How do seeds from vines in Mexico end up in Norway and Japanese fishing floats find their way to Alaska? The same way 29,000 bathtub toys that escaped their containers during a storm in the North Pacific in 1992 were washed up almost 2500 miles away on the shores of southwestern Alaska ten months later. The short answer is they were transported by currents, then held by giant eddies called gyres, and finally released into other currents.
Ocean currents flow in complex patterns affected by wind, water density, salinity, solar heating near the equator; topography of the ocean floor and the rotation of the earth. These currents are relatively constant and flow in one direction only, in contrast to the tidal currents closer to shore. Surface currents are generally wind-driven and deep ocean currents are driven by the other factors.
Wind causes large surface currents that flow year round. At the equator the direct rays of the sun cause intense heating. As the hot air rises, it leaves areas of low pressure in its place. Warm air from the equator begins to cool and sink about 30 degrees north and south of the equator. The rest of the air flows toward the poles. The air movements toward the equator are called trade winds: warm, steady breezes that blow almost continuously. The rotation of the earth also affects the currents through the Coriolis force. This force causes water to move to the right in the Northern Hemisphere and to the left in the Southern Hemisphere. It exists because ocean water at the equator is moving at the same speed as the Earth. As you move north, there is less friction from the earth beneath it. A wind blowing for ten hours across the ocean will cause the surface waters to flow at about 2% of the wind speed (University of Southern California, earth sciences).
The second effect of the sun is to alter the density of the ocean surface water by changing its temperature and its salinity. If water is cooled or becomes saltier through evaporation, it becomes denser. This can result in the water column becoming unstable, setting up density-dependent currents, also known as the thermohaline (thermo – temperature, haline – salinity) circulation. Ocean currents, flowing under the surface of the ocean, are hidden from immediate detection. These submarine rivers are often called ‘global conveyor belts’. For example, deep water forms in the North Atlantic, sinks, moves south and circulates around Antarctica and then moves northward to the Indian, Pacific, and Atlantic basins. It can take a thousand years for water from the North Atlantic to find its way into the North Pacific.

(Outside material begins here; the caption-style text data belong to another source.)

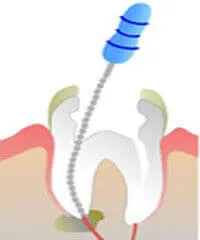 After successful laser-assisted root canal therapy treatment at DentiCare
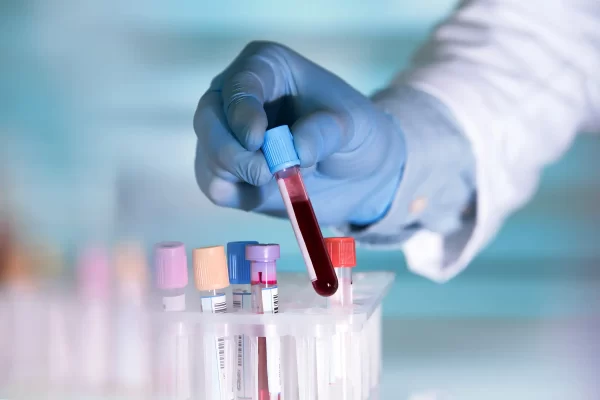 Blood Test Bromley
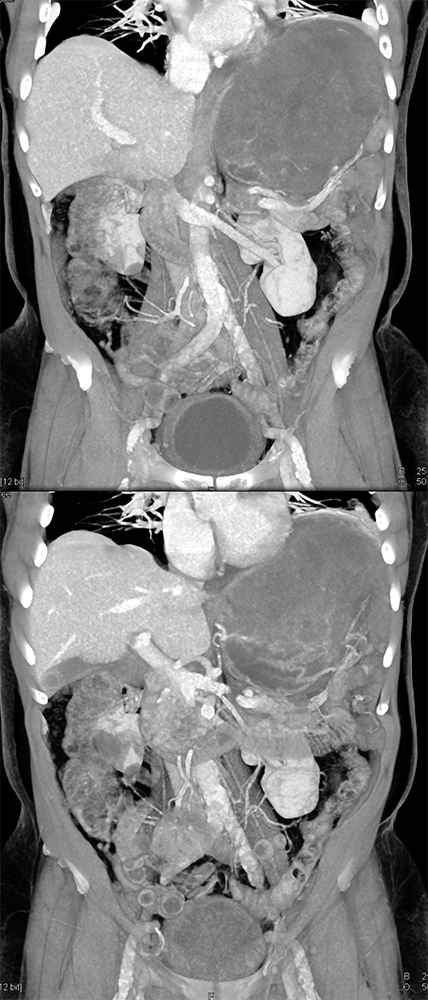 Gastric GIST Tumors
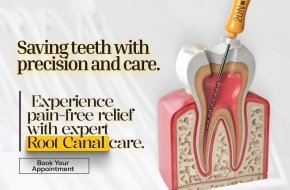 Best Root Canal Dental Clinic in AS Rao Nagar, Secunderabad.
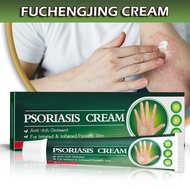 Anti-Itch Ointment Body Psoriasis Dermatitis Pruritus Treatment Cream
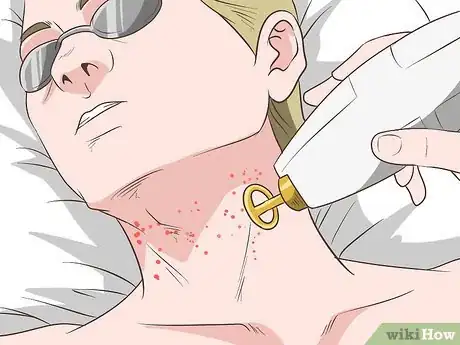 Image intitulée Get Rid of Neck Acne Step 23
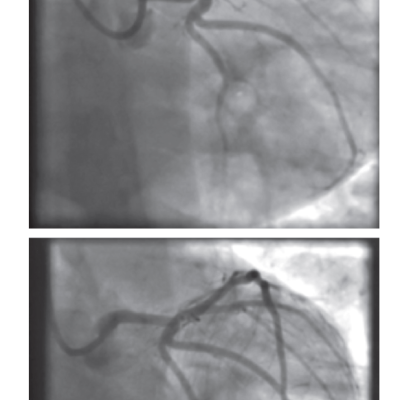 Case Report of an Anterior ST Segment Elevation Myocardial Infarction Due to Distal Left Main Stem and Proximal Left Anterior Descending Disease Treated with a Single Drug-coated Balloon and Angiographic Follow-up at 4 Months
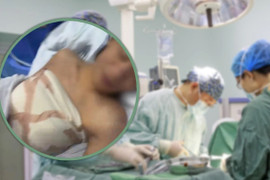 Thẩm mỹ viện lừa chàng trai thiểu năng trí tuệ làm phẫu thuật nâng ngực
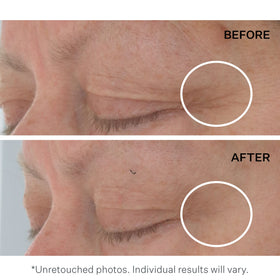 StriVectin dual-phase eye gel-cream shows gel and cream layers.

Currents help transfer oxygen from the atmosphere into the deep ocean. The sinking water is very cold and contains high concentrations of dissolved oxygen acquired at the surface (cold water can hold more oxygen than warm water). During their flow, they mix with ‘older’ water that has been away from the surface for a longer time, thus ensuring that the bottom waters of the ocean are supplied with oxygen. Currents also transport nutrients and trash.
The American National Aeronautics and Space Administration (NASA) have developed a visual tool to see and predict currents. The program is called OSCURS (Ocean Surface Current Simulator) and can be found at: http://oceanmotion.org/html/resources/oscar.htm.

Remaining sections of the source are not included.